LISTED ENTRIES –
● ● ●

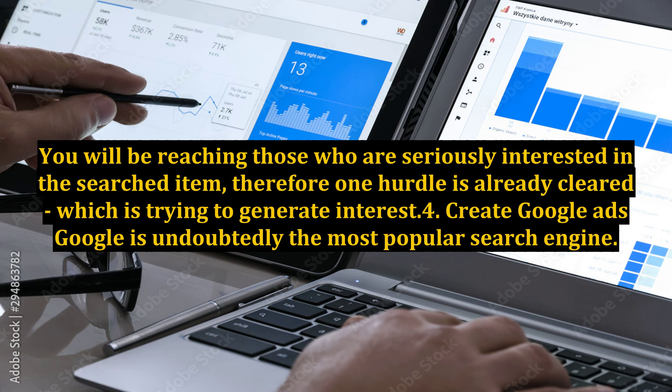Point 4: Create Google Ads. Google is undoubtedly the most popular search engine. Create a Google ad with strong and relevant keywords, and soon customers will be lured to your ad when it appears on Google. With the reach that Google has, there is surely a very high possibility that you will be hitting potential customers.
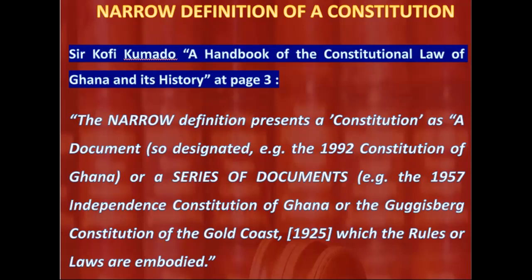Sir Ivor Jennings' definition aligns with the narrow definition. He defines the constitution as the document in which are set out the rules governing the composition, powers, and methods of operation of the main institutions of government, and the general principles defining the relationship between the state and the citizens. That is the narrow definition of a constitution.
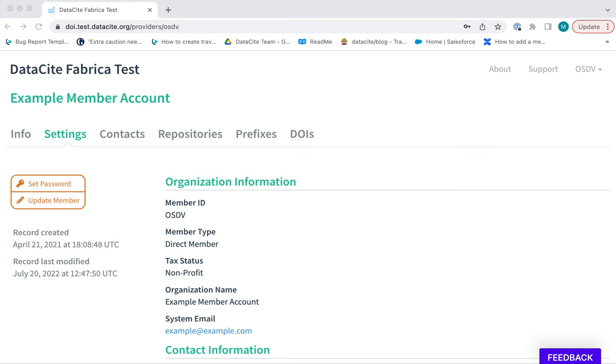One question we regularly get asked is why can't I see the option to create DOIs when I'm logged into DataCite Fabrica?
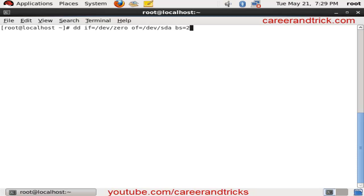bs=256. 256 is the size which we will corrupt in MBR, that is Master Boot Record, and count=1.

● ● ●

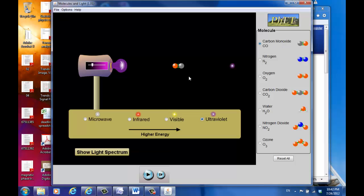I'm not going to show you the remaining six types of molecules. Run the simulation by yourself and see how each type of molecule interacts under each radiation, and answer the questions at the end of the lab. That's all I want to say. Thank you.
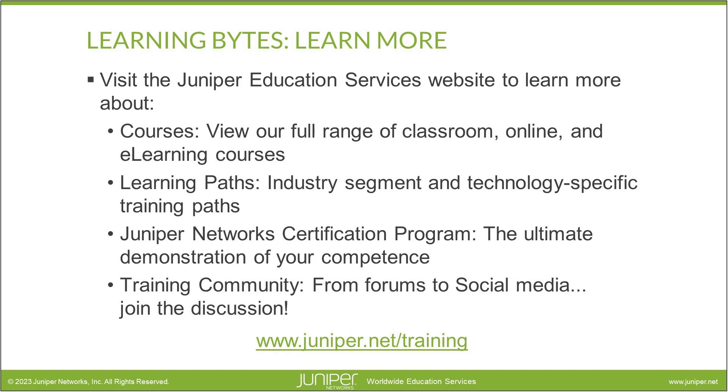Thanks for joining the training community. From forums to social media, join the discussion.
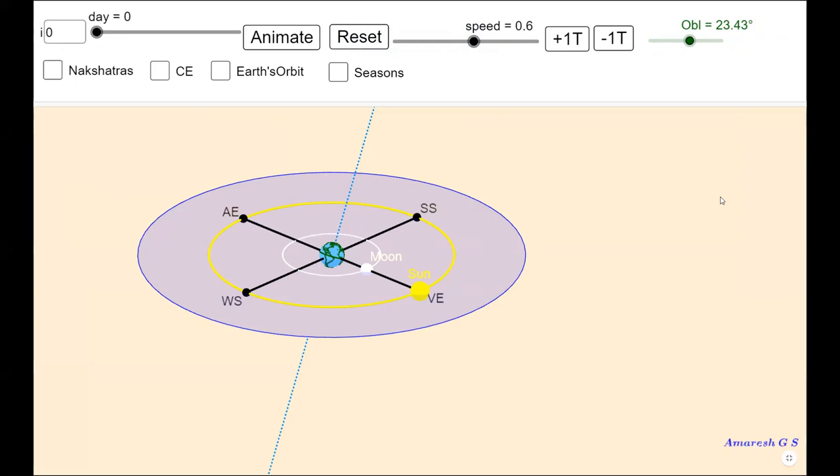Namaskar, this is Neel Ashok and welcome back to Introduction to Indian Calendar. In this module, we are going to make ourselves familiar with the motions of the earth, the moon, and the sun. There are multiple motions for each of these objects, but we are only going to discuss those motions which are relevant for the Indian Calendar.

● ● ●

TASK STATEMENT – The lines above from the line with "I'm not going" through the line with "Thanks for joining" are to be given again word for word, with no pictures among them.

OUTPUT BELOW –
I'm not going to show you the remaining six types of molecules. Run the simulation by yourself and see how each type of molecule interacts under each radiation, and answer the questions at the end of the lab. That's all I want to say. Thank you.
Thanks for joining the training community. From forums to social media, join the discussion.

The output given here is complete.